**Records for processing:**
+++

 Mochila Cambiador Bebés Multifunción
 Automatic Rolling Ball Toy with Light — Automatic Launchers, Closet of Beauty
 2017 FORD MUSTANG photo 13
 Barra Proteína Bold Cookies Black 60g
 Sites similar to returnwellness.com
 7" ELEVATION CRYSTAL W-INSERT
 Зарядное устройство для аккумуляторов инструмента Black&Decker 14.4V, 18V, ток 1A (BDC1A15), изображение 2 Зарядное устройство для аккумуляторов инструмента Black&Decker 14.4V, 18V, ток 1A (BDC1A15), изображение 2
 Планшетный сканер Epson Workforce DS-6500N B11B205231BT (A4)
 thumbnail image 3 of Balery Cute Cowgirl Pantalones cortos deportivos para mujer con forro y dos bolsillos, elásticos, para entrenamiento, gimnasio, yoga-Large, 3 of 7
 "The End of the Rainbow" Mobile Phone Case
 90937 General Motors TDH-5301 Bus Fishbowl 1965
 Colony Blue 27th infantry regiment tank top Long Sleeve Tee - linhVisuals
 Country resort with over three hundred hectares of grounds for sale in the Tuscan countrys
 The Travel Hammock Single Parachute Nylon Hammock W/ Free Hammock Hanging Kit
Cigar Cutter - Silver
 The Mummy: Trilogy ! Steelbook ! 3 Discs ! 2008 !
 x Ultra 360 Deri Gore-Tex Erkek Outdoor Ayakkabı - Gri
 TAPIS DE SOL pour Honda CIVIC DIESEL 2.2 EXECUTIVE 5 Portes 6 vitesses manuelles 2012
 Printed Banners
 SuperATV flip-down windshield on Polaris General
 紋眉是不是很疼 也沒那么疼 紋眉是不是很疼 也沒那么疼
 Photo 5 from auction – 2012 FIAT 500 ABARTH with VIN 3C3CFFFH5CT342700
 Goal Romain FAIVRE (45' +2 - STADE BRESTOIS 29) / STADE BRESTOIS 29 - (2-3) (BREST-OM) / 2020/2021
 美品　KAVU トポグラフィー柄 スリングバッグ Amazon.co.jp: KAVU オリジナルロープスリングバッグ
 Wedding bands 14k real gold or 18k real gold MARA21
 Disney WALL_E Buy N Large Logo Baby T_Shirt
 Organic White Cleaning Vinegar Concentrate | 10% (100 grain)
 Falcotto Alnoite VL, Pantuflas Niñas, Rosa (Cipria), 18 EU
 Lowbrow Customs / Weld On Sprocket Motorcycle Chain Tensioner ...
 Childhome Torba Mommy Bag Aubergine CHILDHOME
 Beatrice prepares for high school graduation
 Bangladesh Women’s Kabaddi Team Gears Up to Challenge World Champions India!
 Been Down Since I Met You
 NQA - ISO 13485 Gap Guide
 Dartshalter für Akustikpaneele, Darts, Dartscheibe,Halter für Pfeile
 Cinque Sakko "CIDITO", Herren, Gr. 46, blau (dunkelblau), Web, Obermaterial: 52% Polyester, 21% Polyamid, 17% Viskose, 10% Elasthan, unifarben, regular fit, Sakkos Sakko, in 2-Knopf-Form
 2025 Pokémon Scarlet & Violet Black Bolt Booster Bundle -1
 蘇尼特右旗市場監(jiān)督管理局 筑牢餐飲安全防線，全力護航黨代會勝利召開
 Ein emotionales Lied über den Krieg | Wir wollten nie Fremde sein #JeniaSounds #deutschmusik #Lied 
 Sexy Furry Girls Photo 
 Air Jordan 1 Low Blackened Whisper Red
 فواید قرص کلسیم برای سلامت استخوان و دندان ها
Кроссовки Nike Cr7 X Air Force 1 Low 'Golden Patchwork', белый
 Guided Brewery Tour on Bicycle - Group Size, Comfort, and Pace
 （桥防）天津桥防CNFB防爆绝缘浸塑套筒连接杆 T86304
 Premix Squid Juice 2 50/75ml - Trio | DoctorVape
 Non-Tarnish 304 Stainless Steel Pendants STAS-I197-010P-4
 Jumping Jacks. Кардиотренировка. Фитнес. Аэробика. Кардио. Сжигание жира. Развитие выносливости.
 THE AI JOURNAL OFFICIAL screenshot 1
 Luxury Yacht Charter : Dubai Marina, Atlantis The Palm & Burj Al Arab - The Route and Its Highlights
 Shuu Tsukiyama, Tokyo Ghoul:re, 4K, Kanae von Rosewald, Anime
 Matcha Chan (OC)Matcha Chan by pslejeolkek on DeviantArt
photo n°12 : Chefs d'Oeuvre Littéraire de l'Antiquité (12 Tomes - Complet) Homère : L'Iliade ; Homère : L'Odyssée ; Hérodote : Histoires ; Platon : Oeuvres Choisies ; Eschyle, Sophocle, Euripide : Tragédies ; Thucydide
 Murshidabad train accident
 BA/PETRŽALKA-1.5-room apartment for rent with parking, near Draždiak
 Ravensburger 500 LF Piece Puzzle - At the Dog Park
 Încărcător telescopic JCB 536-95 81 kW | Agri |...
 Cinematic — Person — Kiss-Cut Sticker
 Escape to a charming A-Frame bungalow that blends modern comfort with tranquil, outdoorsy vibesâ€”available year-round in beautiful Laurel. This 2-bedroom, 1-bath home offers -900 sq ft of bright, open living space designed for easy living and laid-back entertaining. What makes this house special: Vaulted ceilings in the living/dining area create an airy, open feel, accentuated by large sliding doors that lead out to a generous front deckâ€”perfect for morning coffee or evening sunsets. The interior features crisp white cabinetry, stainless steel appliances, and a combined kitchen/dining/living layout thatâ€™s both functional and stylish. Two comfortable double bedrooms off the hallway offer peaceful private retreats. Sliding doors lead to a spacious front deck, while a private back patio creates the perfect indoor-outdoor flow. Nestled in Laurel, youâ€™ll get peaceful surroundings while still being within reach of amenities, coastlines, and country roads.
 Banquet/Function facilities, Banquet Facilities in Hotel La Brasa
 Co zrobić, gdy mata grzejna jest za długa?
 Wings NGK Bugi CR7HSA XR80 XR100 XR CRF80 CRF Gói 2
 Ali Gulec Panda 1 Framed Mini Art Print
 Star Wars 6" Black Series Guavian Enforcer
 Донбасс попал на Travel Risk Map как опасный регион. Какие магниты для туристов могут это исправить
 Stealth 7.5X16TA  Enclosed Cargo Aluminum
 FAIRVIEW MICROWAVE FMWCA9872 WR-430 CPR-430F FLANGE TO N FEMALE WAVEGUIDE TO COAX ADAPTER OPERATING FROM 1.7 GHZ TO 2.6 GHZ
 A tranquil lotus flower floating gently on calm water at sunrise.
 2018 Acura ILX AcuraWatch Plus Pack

+++

**Work instruction:** Looking at each line of the material above, tally those that hold the string "with" and give only the total.

**Problem solution:** 5